Exercise: Please give the entries again in full and exactly, without any picture.
* * * * * * *
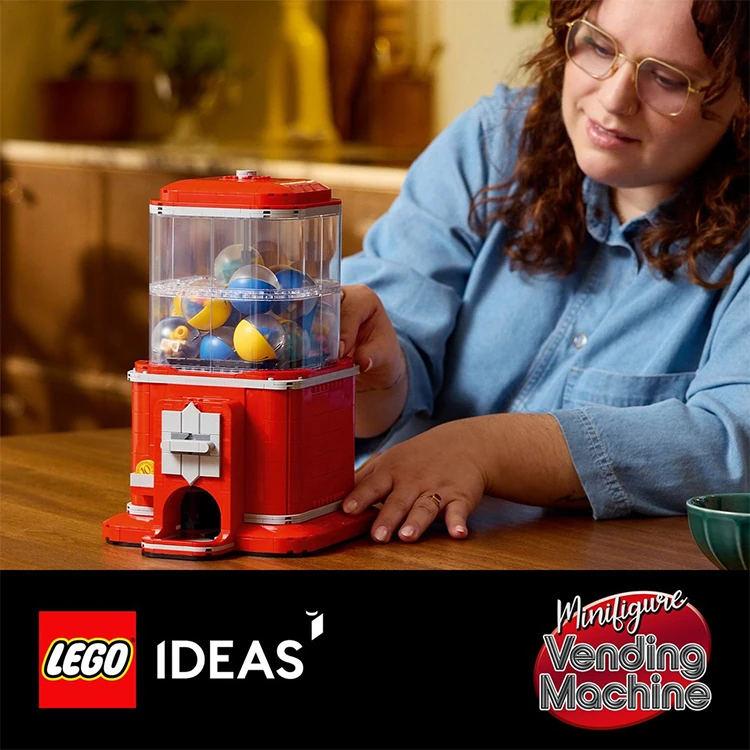【LEGO 樂高】 Ideas 21358 人偶扭蛋機(居家擺設 交換禮物 玩具 積木),GF2324,【LEGO樂高】Ideas21358人偶扭蛋機(居家擺設交換禮物玩具積木),全館商品,生活用品,授權卡通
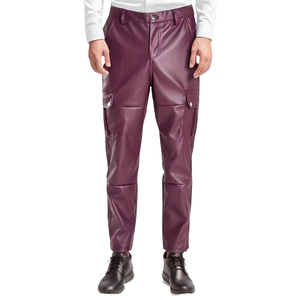 Pantalones de cuero genuino personalizados para hombre con personalización completa en piel de oveja y cuero PU, pantalones largos - Product Image 3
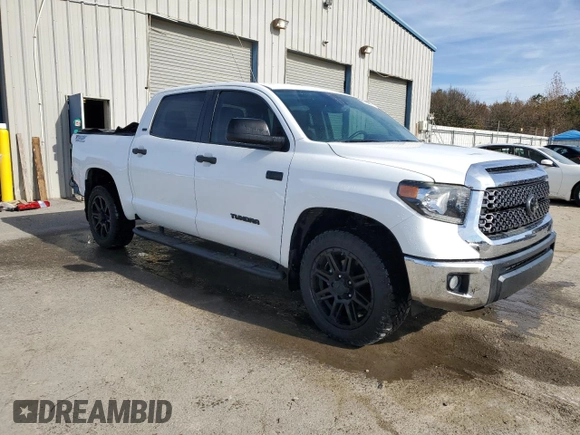 2020 Toyota Tundra 2WD SR5 with VIN 5TFEY5F11LX270247, listed as a Copart auction lot 81674544 with 52,644 mi miles and Salvage Title. Bid and sale history available at carsss.com. Image 4.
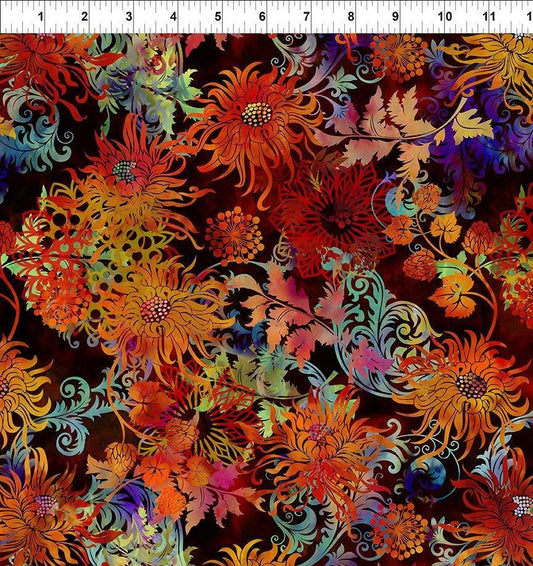 In The Beginning Fabrics Floragraphix V by Jason Yenter 2FGE1 Cotton Fabric - Sew Much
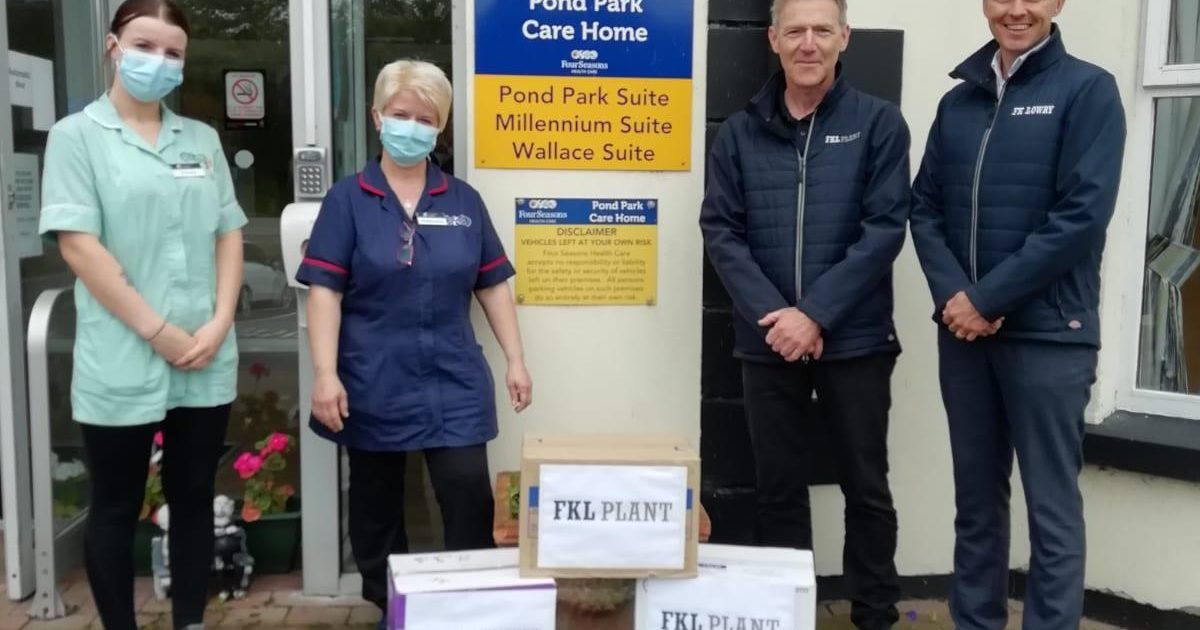 FK Lowry FK Lowry donates much needed PPE to local nursing home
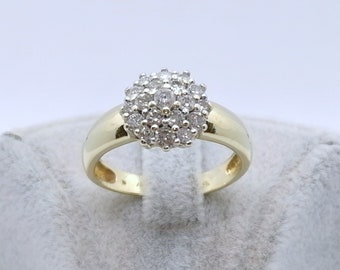 Ring Gold 585er mit Brillanten 1,0ct Gr. 60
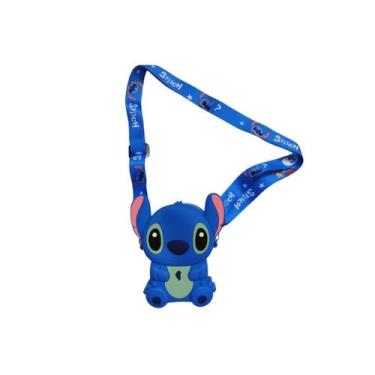 Imagem de Bolsa Infantil Stitch em Material Emborrachado  Leve e Charmosa para C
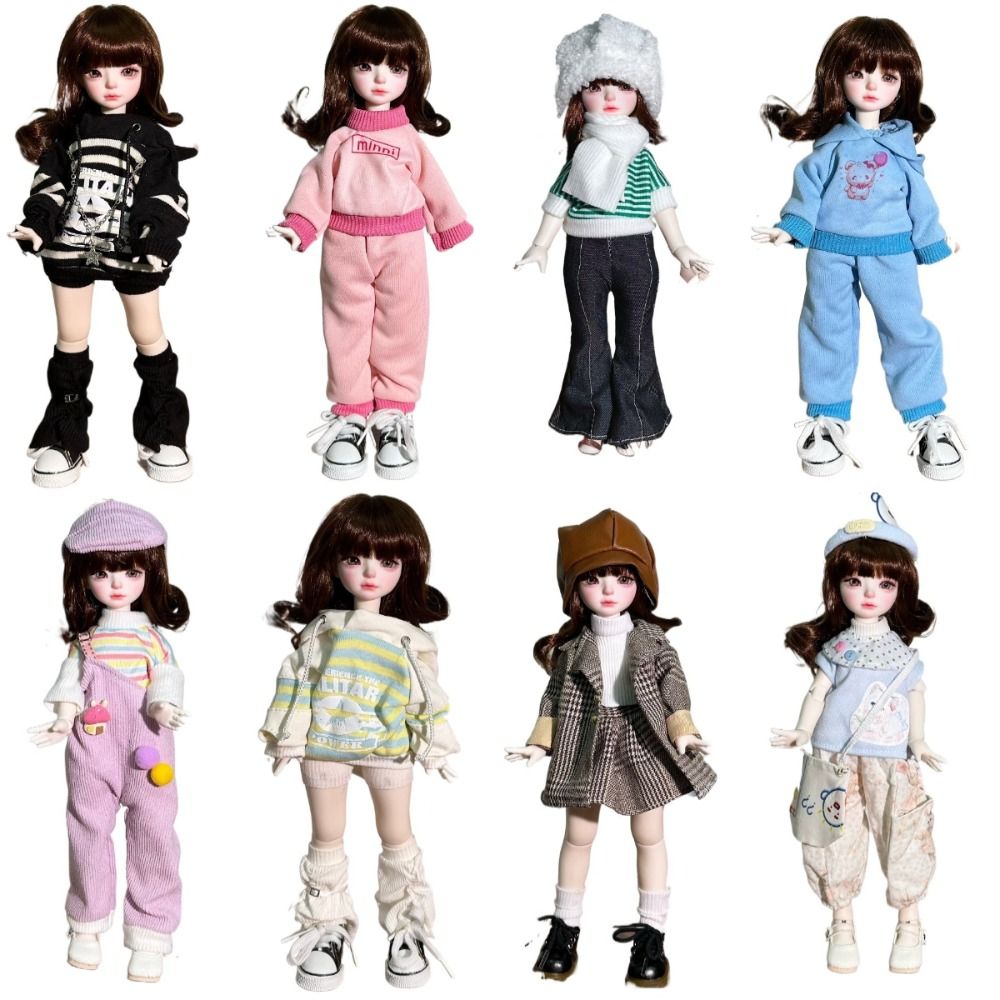 1/6 BJD Bebek Elbise Bebek Mod - Bjd Doll 1 6 Full Set With Clothes incelemesi ve fiyatı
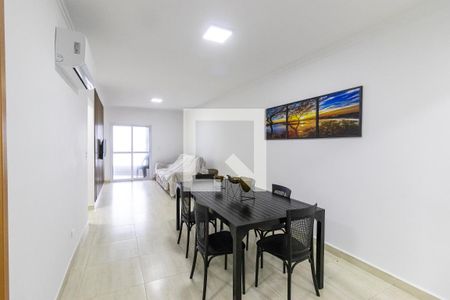 Sala de apartamento para alugar com 2 quartos, 91m² em Guilhermina, Praia Grande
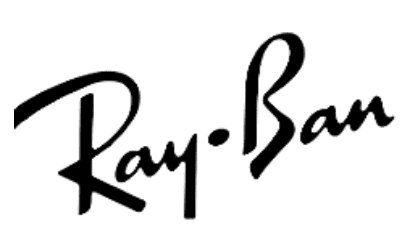 Ray-Ban logo in black text on a white background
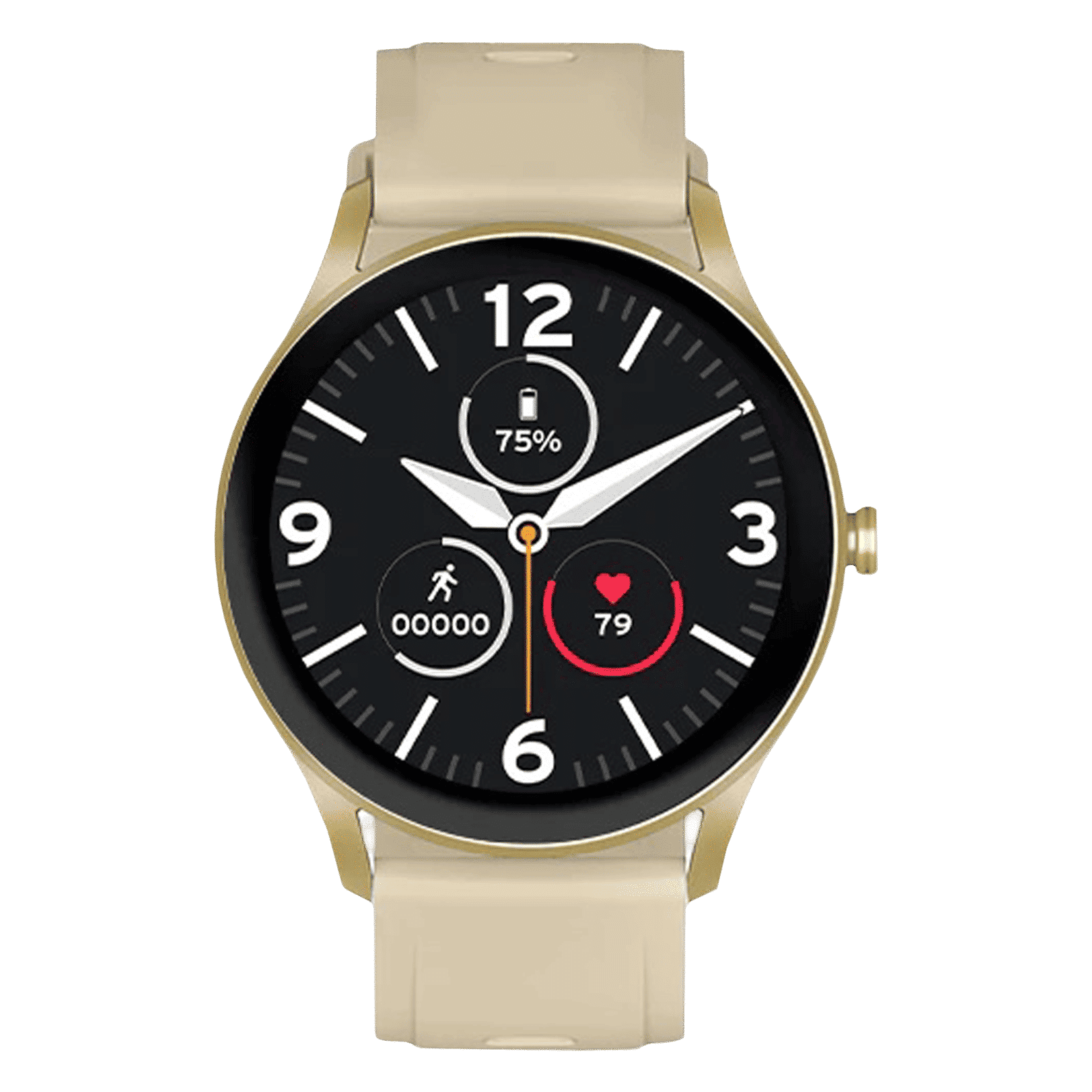 FIRE-BOLTT Rocket BSW093 Smartwatch with Bluetooth Calling (33mm TFT Display, IP67 Water Resistant, Champagne Gold Strap)_1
* * * * * * *
Your response:
【LEGO 樂高】 Ideas 21358 人偶扭蛋機(居家擺設 交換禮物 玩具 積木),GF2324,【LEGO樂高】Ideas21358人偶扭蛋機(居家擺設交換禮物玩具積木),全館商品,生活用品,授權卡通
 Pantalones de cuero genuino personalizados para hombre con personalización completa en piel de oveja y cuero PU, pantalones largos - Product Image 3
 2020 Toyota Tundra 2WD SR5 with VIN 5TFEY5F11LX270247, listed as a Copart auction lot 81674544 with 52,644 mi miles and Salvage Title. Bid and sale history available at carsss.com. Image 4.
 In The Beginning Fabrics Floragraphix V by Jason Yenter 2FGE1 Cotton Fabric - Sew Much
 FK Lowry FK Lowry donates much needed PPE to local nursing home
 Ring Gold 585er mit Brillanten 1,0ct Gr. 60
 Imagem de Bolsa Infantil Stitch em Material Emborrachado  Leve e Charmosa para C
 1/6 BJD Bebek Elbise Bebek Mod - Bjd Doll 1 6 Full Set With Clothes incelemesi ve fiyatı
 Sala de apartamento para alugar com 2 quartos, 91m² em Guilhermina, Praia Grande
 Ray-Ban logo in black text on a white background
 FIRE-BOLTT Rocket BSW093 Smartwatch with Bluetooth Calling (33mm TFT Display, IP67 Water Resistant, Champagne Gold Strap)_1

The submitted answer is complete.